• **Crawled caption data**
*** Begin section ***
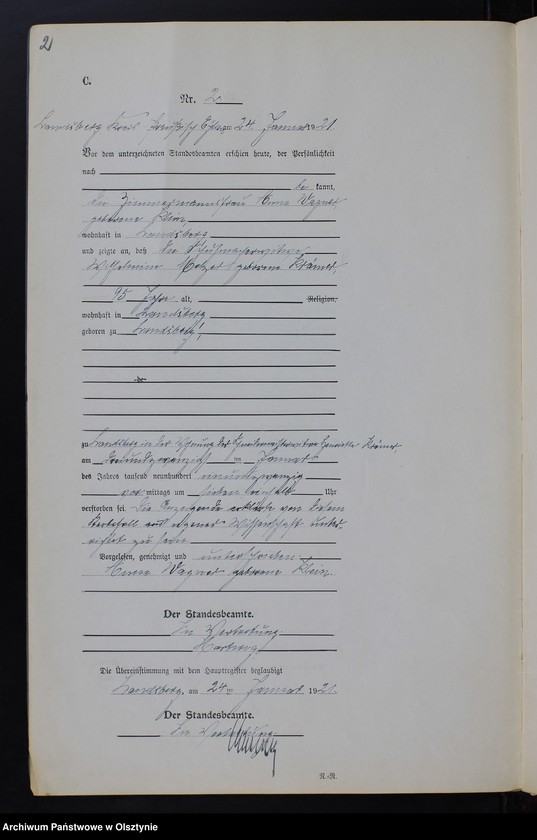 image.from.unit.number "Sterbe-Neben-Register Nr 1 - 39 [ Księga zgonów - wtóropis ]"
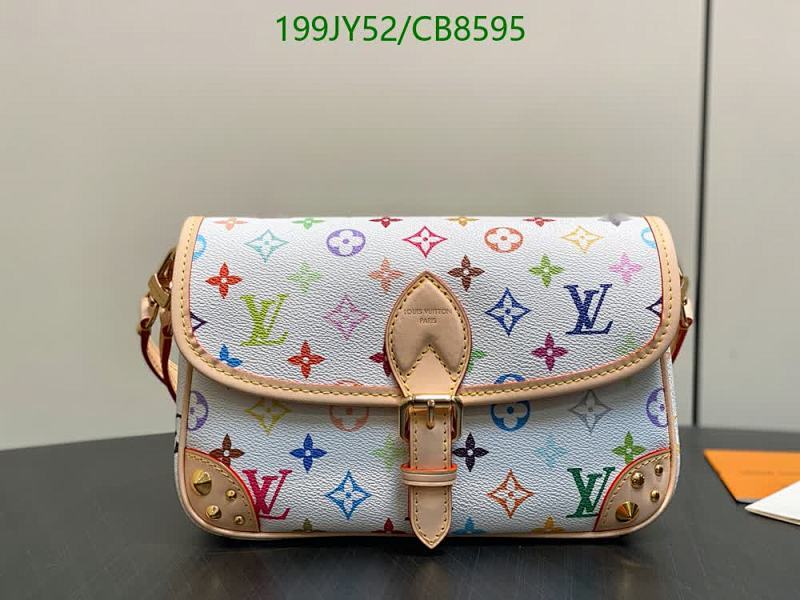 Louis Vuitton Monogram Multicolor Speedy Bag White Coated Canvas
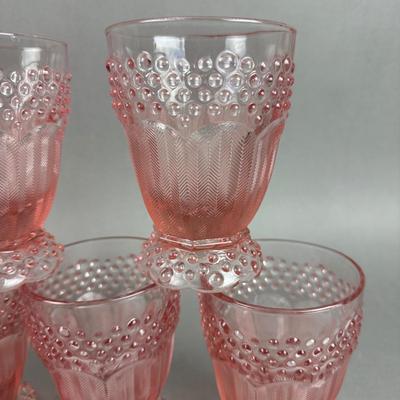 BB208 Set of 8 Gorham Emilys Attic Pink Double Old Fashioned Tumblers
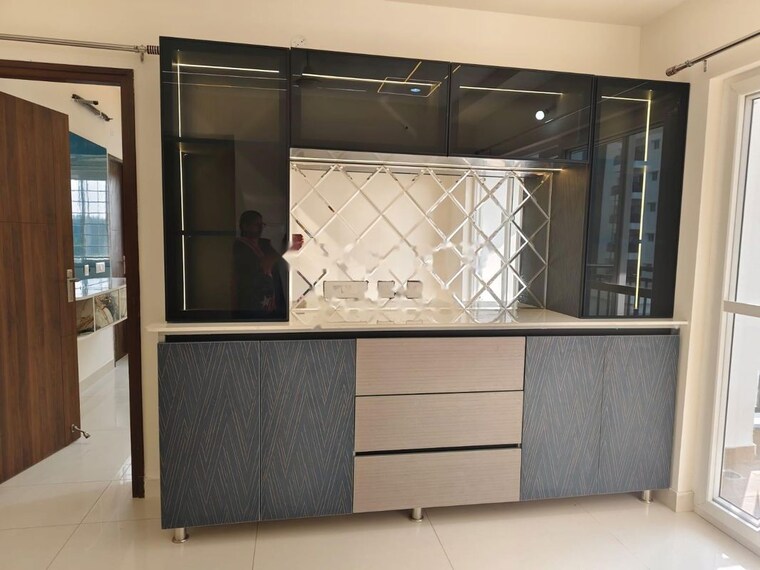 Kitchen, my-home-tridasa 3 Bedroom 2300 Sq.Ft. Apartment In Tellapur Hyderabad 9995388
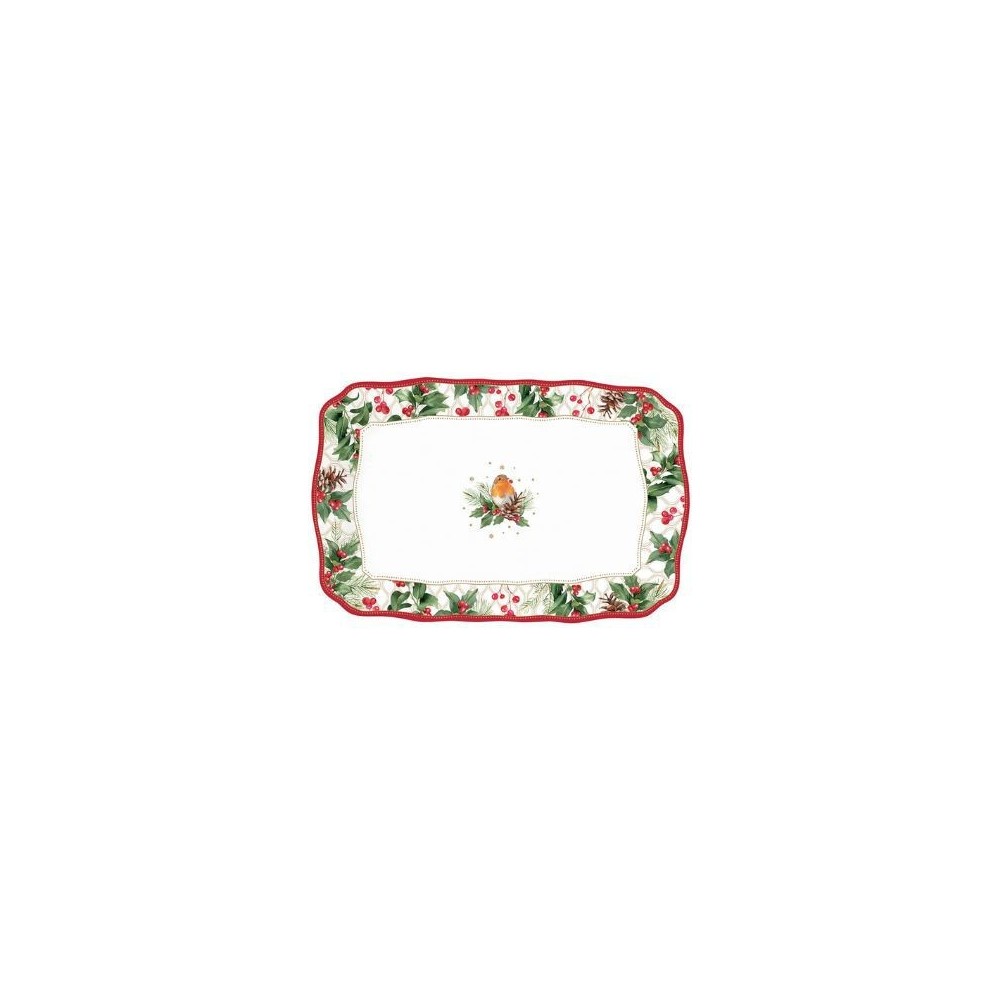 Piatto da portata CHRISTMAS BERRIES EasyLife R1483 CHBE [256dc613]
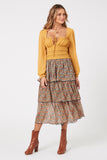 Fleetwood Floral Chiffon Skirt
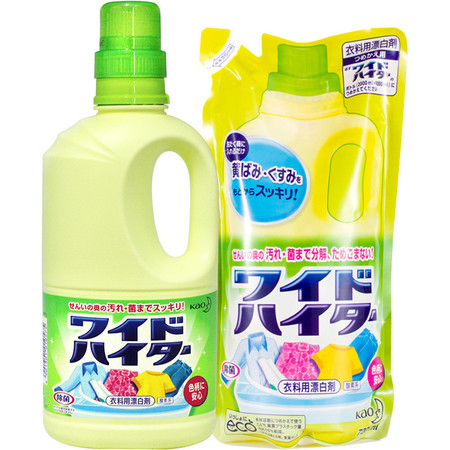 花王/KAO 洗衣液彩漂液1000ml 瓶装+720ml替换装 日本进口图片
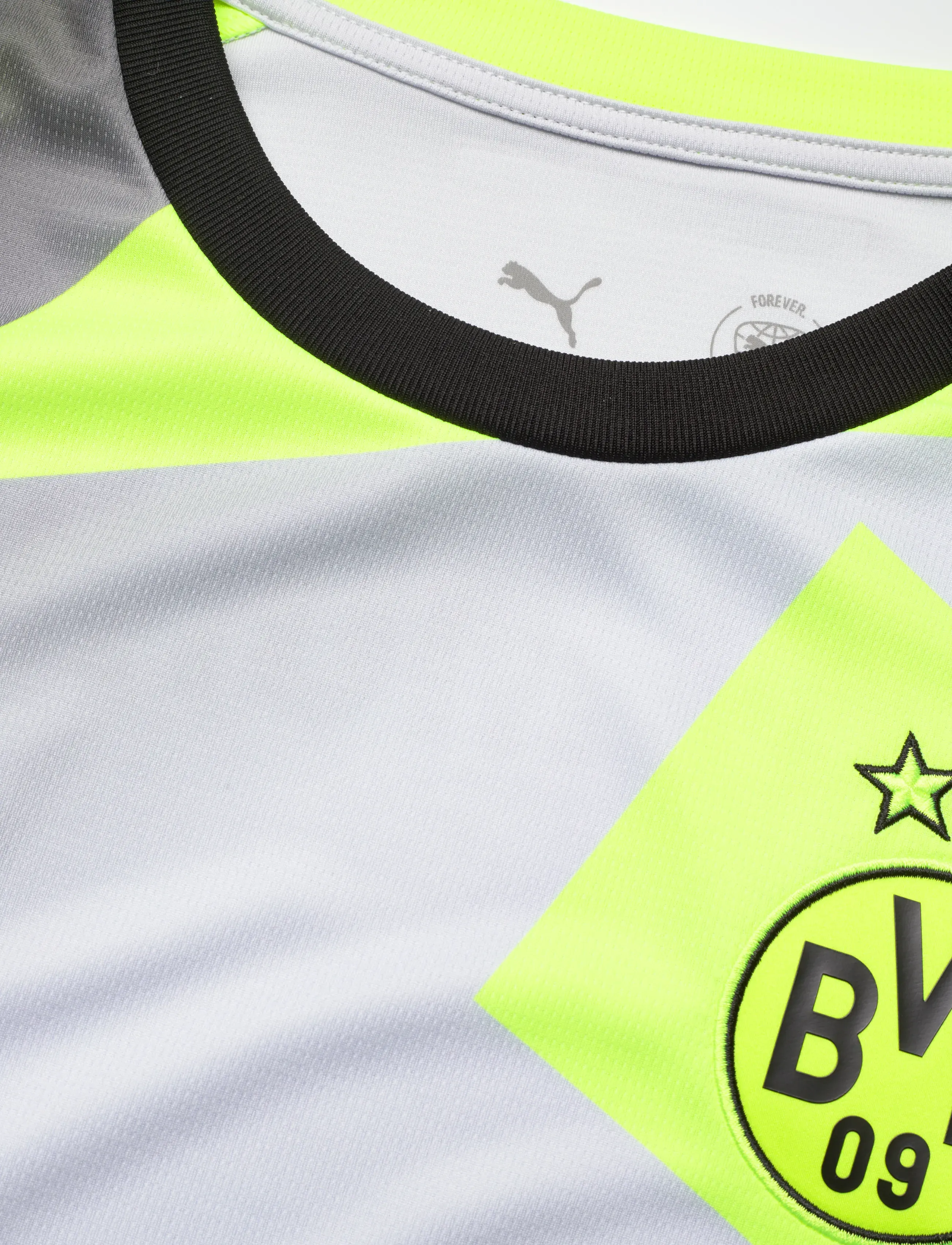 PUMA - BVB Away Jersey Replica - maillots de foot - silver mist-yellow alert - 2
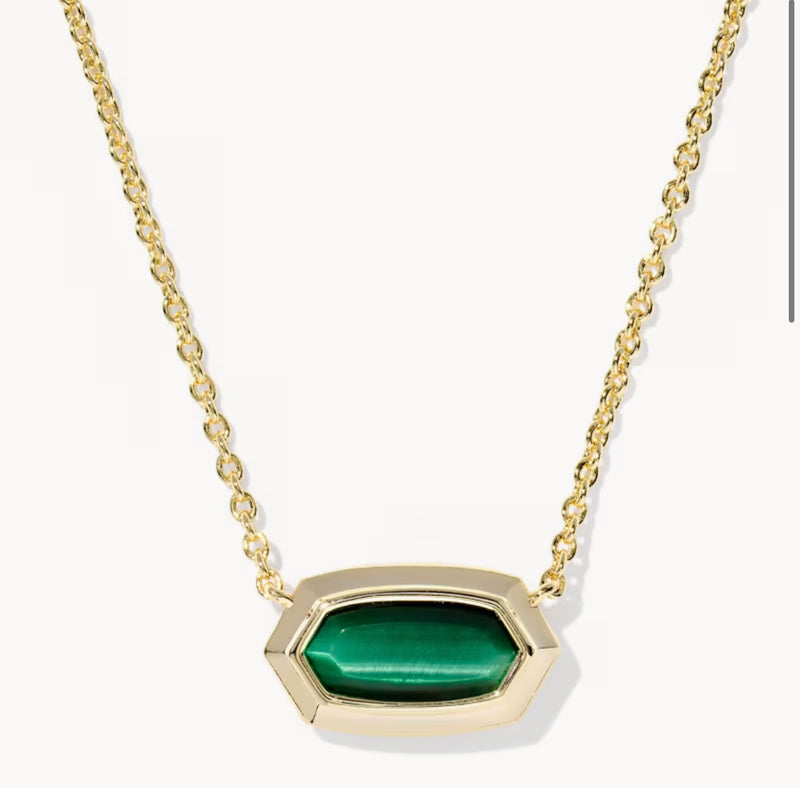 KENDRA SCOTT: ELISA BEZEL PENDANT NECKLACE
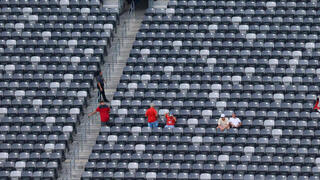 היציעים הריקים בניו ג'רזי במהלך גביע העולם למועדונים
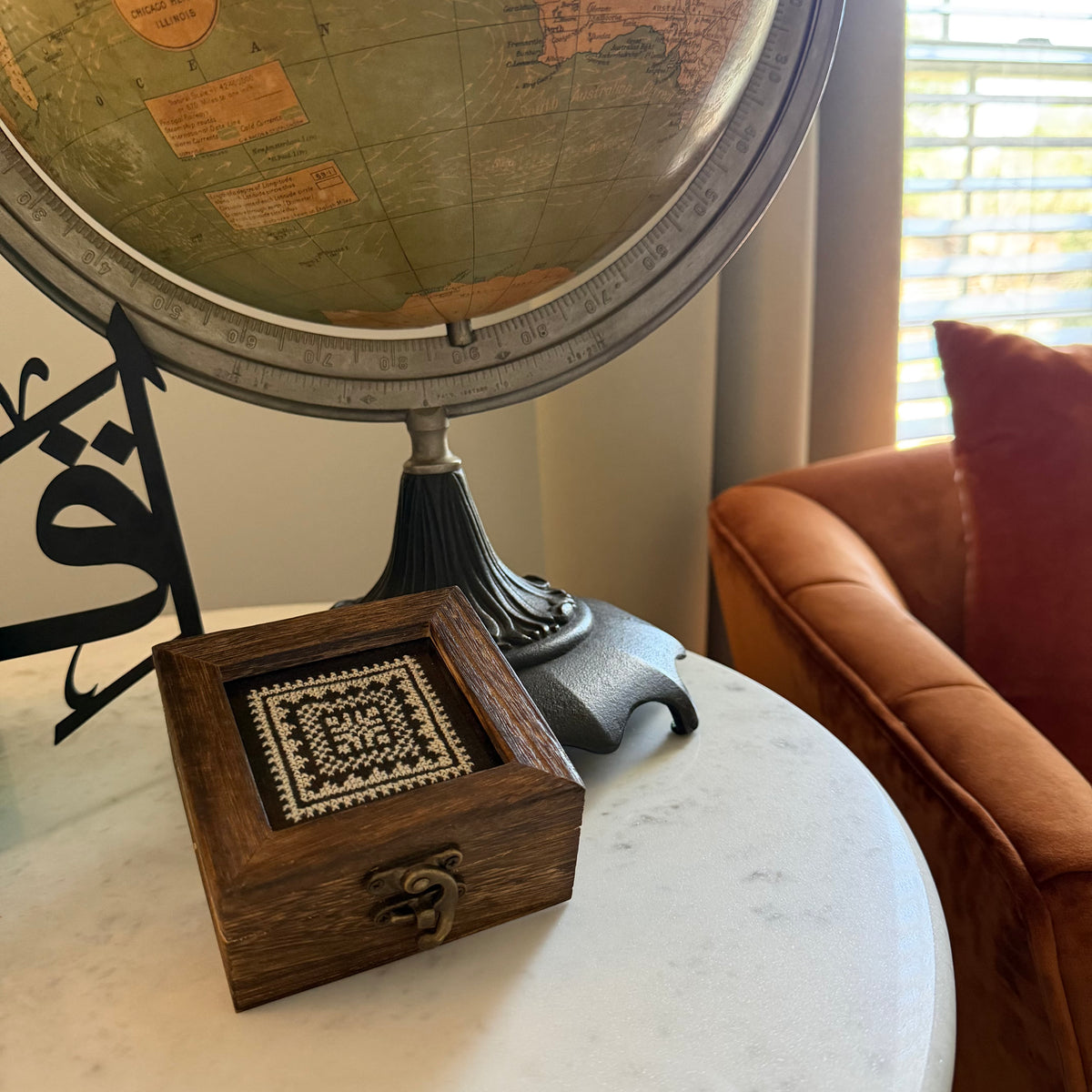 Tiny Tatreez’ed Trinket Box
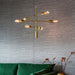 Endon 77114 Rubens 6lt Pendant Satin brass plate 6 x 60W E27 GLS (Required) - westbasedirect.com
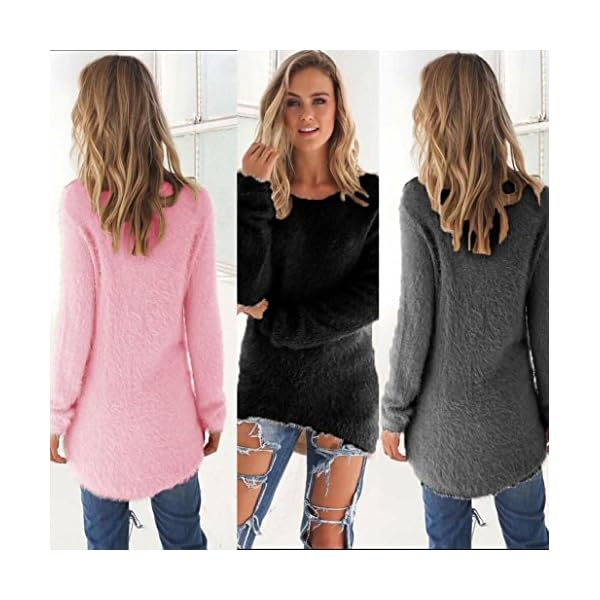 NEARTIME Women Sweater, 2017 Womens Casual Tops Solid Long Sleeve Blouse Jumper Sweaters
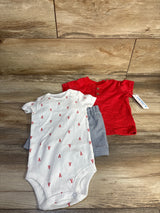 NEW Just One You 3pc Henley Shirt & Bottoms Set Red sz 9m
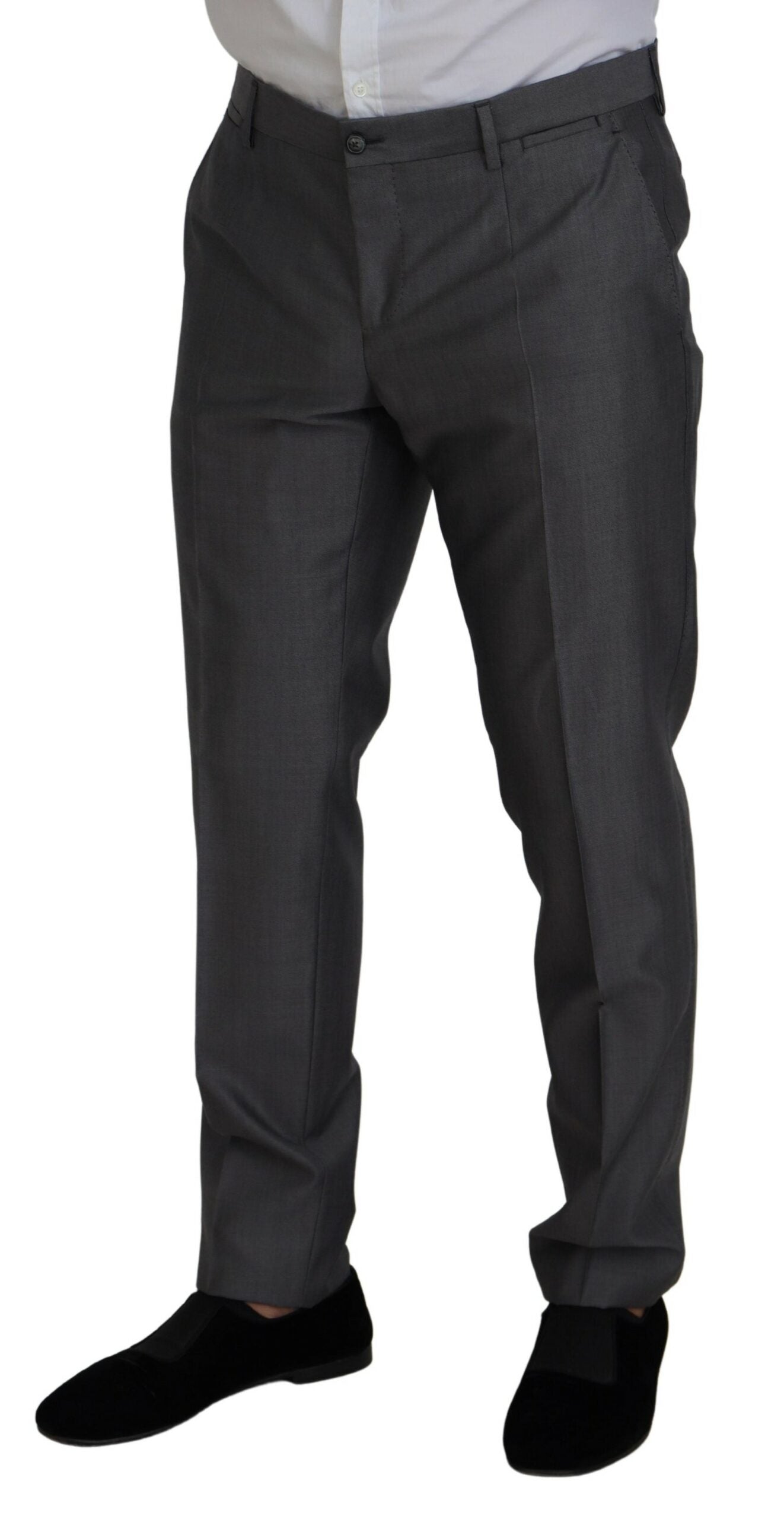 Dolce &amp; Gabbana Gray SICILIA 3 Piece Slim Fit Suit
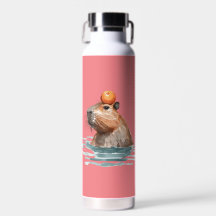 Charming Cute Capybara with Orange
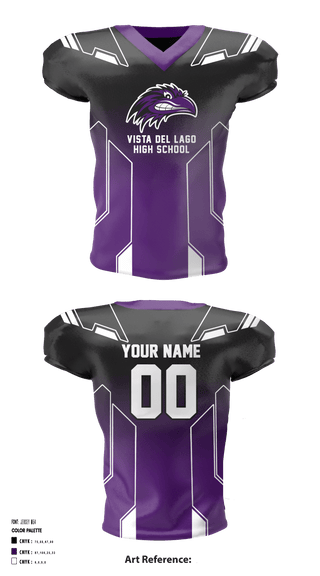 Football Jersey, Vista Del Lago High School Football, Football, Teamtime, Team time, sublimation, custom sports apparel, team uniforms, spirit wear, spiritwear, sports uniforms, custom shirts, team store, custom team store, fundraiser sports, apparel fundraiser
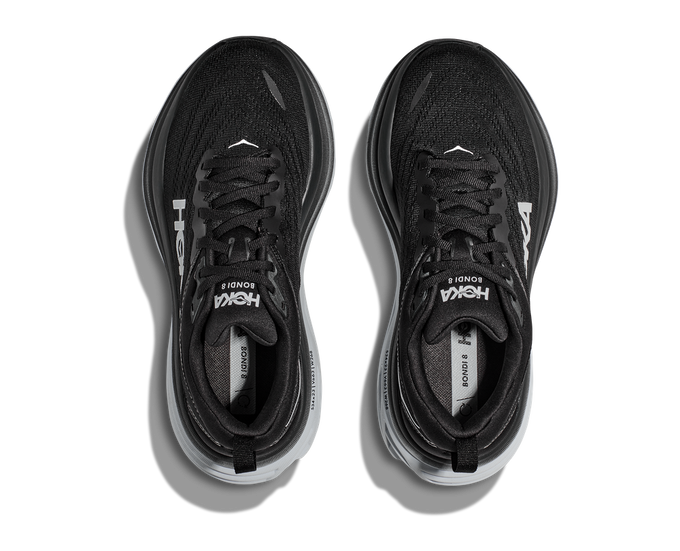 Damen Schuhe Hoka Bondi 8 Black/White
*** End section ***
• **Problem to work on**
Leave out all images, then reproduce the entries above exactly.

• **Result for this task**
 image.from.unit.number "Sterbe-Neben-Register Nr 1 - 39 [ Księga zgonów - wtóropis ]"
 Louis Vuitton Monogram Multicolor Speedy Bag White Coated Canvas
 BB208 Set of 8 Gorham Emilys Attic Pink Double Old Fashioned Tumblers
 Kitchen, my-home-tridasa 3 Bedroom 2300 Sq.Ft. Apartment In Tellapur Hyderabad 9995388
 Piatto da portata CHRISTMAS BERRIES EasyLife R1483 CHBE [256dc613]
 Fleetwood Floral Chiffon Skirt
 花王/KAO 洗衣液彩漂液1000ml 瓶装+720ml替换装 日本进口图片
 PUMA - BVB Away Jersey Replica - maillots de foot - silver mist-yellow alert - 2
 KENDRA SCOTT: ELISA BEZEL PENDANT NECKLACE
 היציעים הריקים בניו ג'רזי במהלך גביע העולם למועדונים
 Tiny Tatreez’ed Trinket Box
 Endon 77114 Rubens 6lt Pendant Satin brass plate 6 x 60W E27 GLS (Required) - westbasedirect.com
 NEARTIME Women Sweater, 2017 Womens Casual Tops Solid Long Sleeve Blouse Jumper Sweaters
 NEW Just One You 3pc Henley Shirt & Bottoms Set Red sz 9m
 Dolce &amp; Gabbana Gray SICILIA 3 Piece Slim Fit Suit
 Charming Cute Capybara with Orange
 Football Jersey, Vista Del Lago High School Football, Football, Teamtime, Team time, sublimation, custom sports apparel, team uniforms, spirit wear, spiritwear, sports uniforms, custom shirts, team store, custom team store, fundraiser sports, apparel fundraiser
 Damen Schuhe Hoka Bondi 8 Black/White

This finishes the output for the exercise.